Goal of the exercise: When you reach the line containing "Set bar da patio" in the data below, begin returning lines exactly as written, and stop once the line containing "In dem Bus sind" has been returned.

Data excerpts:

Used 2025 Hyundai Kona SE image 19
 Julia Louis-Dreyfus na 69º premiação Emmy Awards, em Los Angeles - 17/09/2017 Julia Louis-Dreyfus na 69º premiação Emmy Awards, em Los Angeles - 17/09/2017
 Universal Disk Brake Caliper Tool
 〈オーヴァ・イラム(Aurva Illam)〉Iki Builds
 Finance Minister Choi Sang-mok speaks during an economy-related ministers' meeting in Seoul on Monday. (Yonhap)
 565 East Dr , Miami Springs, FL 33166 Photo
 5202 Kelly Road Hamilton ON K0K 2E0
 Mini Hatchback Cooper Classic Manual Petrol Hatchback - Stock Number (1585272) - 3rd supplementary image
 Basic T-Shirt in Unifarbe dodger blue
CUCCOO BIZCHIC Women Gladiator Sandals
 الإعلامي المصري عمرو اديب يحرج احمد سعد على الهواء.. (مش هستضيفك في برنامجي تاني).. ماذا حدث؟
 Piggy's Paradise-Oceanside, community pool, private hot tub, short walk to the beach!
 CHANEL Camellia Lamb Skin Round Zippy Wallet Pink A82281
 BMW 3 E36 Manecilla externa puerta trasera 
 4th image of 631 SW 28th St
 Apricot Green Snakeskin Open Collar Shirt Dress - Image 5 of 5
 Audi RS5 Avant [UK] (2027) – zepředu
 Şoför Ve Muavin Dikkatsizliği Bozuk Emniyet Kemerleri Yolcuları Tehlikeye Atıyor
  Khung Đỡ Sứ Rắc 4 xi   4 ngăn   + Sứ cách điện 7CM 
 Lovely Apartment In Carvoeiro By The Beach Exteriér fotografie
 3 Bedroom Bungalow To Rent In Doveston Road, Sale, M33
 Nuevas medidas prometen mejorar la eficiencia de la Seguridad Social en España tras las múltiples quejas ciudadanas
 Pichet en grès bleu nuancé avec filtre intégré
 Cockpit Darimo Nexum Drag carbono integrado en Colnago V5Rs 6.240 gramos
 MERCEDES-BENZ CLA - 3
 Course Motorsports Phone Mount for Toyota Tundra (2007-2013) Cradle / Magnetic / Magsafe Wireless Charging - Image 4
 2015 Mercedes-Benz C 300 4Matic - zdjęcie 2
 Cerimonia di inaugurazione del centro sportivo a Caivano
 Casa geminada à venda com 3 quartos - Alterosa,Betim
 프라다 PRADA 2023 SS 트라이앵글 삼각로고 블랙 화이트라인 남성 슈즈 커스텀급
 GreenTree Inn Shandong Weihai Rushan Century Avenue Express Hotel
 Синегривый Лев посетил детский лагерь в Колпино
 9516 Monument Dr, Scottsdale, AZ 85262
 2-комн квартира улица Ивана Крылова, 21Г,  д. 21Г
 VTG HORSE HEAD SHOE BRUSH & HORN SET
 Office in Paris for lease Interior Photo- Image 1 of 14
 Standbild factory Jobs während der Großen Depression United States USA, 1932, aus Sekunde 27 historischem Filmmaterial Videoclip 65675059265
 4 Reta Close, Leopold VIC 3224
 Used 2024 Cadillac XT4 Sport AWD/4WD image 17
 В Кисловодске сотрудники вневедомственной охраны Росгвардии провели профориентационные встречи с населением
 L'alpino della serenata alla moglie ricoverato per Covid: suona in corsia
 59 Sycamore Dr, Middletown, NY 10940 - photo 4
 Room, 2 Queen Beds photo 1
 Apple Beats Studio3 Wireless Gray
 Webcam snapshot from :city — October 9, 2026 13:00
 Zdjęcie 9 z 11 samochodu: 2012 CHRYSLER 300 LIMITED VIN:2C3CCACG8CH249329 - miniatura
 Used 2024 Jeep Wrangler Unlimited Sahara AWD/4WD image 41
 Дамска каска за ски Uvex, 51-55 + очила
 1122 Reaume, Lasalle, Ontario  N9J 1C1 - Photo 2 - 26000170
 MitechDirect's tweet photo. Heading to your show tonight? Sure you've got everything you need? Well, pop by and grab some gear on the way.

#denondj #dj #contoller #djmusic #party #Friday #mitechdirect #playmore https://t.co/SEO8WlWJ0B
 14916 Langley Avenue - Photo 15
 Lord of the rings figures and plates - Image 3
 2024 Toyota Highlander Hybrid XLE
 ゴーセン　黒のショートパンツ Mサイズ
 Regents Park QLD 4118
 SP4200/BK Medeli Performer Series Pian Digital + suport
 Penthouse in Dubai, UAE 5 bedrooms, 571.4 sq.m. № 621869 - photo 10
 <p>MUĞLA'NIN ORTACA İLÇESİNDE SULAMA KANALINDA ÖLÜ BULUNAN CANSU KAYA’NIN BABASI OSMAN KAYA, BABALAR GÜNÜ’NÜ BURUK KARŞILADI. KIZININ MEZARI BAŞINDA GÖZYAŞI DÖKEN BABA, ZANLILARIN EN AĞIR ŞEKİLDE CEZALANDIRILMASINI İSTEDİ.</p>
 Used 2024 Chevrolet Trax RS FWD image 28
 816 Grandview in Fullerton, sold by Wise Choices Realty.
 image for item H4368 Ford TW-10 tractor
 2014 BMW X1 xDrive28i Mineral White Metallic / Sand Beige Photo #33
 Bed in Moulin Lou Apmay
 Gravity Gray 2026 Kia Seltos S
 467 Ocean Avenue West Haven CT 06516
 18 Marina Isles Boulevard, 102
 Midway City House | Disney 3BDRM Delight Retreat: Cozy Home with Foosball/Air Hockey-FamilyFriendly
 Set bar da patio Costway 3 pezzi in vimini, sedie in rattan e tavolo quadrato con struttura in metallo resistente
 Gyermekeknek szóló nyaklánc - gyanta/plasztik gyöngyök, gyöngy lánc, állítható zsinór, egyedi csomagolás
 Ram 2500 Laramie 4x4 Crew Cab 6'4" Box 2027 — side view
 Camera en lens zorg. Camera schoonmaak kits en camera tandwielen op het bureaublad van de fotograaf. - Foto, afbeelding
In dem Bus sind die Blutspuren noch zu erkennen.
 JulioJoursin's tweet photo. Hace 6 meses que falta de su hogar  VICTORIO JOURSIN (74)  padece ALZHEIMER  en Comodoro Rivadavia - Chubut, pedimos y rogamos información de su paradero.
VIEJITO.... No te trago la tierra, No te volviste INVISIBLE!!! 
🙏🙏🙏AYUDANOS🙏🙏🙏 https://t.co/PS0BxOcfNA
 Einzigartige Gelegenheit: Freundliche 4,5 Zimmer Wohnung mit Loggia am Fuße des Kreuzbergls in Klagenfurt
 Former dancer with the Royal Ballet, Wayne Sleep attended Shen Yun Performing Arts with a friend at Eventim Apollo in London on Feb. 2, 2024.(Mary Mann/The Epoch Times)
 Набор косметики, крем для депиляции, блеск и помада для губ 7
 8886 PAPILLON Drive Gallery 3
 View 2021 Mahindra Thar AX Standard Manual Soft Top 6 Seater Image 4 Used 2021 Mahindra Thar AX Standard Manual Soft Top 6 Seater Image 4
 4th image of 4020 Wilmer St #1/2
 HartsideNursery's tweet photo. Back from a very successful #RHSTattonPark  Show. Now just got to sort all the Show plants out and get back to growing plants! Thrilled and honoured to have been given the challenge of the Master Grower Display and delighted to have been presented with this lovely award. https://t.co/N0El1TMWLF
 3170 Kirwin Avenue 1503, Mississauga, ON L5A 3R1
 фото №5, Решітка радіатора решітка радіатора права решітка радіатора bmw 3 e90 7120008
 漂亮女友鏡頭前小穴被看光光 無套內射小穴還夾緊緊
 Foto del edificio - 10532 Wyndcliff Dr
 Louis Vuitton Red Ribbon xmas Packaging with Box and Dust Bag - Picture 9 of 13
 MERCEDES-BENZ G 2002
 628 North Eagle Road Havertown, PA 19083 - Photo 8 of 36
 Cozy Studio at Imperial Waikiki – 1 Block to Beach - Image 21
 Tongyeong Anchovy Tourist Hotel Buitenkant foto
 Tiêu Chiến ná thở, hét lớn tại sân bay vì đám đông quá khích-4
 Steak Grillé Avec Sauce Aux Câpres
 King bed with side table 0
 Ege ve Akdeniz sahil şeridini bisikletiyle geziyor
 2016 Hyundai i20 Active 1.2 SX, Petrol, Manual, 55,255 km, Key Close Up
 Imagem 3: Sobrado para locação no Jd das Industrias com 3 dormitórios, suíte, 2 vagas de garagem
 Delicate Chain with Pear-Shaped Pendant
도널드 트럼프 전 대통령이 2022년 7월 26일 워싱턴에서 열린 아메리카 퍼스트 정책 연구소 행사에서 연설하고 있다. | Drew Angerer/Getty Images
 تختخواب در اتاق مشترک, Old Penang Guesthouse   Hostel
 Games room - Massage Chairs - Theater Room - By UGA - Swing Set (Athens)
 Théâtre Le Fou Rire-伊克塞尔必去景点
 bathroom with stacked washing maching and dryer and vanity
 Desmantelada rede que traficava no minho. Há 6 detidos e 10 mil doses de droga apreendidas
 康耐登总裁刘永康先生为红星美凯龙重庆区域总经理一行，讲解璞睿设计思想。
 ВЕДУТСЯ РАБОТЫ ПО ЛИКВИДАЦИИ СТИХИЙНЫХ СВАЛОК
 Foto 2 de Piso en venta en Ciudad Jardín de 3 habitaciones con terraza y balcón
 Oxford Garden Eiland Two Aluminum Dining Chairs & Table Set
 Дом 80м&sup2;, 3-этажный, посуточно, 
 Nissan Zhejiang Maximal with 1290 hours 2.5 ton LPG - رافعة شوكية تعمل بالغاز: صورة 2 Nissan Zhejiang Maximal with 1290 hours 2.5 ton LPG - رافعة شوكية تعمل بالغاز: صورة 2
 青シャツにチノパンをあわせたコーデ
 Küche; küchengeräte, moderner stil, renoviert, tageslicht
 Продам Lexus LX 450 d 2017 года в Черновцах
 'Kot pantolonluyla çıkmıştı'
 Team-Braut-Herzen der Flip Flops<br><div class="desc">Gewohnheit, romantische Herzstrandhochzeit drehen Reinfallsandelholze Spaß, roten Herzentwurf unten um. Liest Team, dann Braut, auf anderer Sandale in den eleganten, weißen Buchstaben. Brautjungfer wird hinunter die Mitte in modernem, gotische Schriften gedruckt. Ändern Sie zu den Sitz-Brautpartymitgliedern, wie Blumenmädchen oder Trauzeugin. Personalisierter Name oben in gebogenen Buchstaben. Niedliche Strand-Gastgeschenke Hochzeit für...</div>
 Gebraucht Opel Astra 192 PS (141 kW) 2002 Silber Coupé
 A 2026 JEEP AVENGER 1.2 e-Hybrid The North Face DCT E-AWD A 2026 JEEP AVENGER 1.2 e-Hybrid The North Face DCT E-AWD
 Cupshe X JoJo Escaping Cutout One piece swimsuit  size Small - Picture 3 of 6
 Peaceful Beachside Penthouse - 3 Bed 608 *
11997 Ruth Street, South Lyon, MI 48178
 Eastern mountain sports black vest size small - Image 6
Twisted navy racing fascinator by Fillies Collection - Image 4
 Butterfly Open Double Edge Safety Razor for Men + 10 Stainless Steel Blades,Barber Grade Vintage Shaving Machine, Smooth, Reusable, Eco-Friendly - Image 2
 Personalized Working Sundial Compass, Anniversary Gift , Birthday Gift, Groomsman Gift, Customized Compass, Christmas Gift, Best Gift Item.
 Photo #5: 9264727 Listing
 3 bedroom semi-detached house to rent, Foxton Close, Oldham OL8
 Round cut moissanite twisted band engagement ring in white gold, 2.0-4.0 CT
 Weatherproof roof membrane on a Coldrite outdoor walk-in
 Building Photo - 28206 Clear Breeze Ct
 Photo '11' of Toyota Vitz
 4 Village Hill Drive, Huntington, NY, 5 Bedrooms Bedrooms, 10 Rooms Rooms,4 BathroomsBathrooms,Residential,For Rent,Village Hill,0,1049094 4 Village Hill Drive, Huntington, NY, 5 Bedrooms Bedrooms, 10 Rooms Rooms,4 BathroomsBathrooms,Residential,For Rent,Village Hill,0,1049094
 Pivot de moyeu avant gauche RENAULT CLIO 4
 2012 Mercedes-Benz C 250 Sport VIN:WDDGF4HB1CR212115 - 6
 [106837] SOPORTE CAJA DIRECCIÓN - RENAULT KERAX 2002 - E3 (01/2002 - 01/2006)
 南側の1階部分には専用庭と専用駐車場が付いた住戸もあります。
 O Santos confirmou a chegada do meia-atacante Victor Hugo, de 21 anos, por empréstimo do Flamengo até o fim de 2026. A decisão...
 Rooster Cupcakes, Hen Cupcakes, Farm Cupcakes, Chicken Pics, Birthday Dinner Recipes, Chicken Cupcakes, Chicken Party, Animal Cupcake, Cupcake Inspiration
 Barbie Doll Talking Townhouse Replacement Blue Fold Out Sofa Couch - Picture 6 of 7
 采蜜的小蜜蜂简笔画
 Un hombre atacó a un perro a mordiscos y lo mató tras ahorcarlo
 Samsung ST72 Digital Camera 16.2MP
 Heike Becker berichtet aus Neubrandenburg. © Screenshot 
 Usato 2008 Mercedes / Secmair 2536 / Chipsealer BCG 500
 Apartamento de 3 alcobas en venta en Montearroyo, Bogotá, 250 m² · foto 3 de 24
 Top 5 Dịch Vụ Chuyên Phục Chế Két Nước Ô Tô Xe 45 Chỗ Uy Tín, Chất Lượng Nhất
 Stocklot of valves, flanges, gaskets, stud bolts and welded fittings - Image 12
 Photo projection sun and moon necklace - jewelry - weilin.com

Output below:
 Set bar da patio Costway 3 pezzi in vimini, sedie in rattan e tavolo quadrato con struttura in metallo resistente
 Gyermekeknek szóló nyaklánc - gyanta/plasztik gyöngyök, gyöngy lánc, állítható zsinór, egyedi csomagolás
 Ram 2500 Laramie 4x4 Crew Cab 6'4" Box 2027 — side view
 Camera en lens zorg. Camera schoonmaak kits en camera tandwielen op het bureaublad van de fotograaf. - Foto, afbeelding
In dem Bus sind die Blutspuren noch zu erkennen.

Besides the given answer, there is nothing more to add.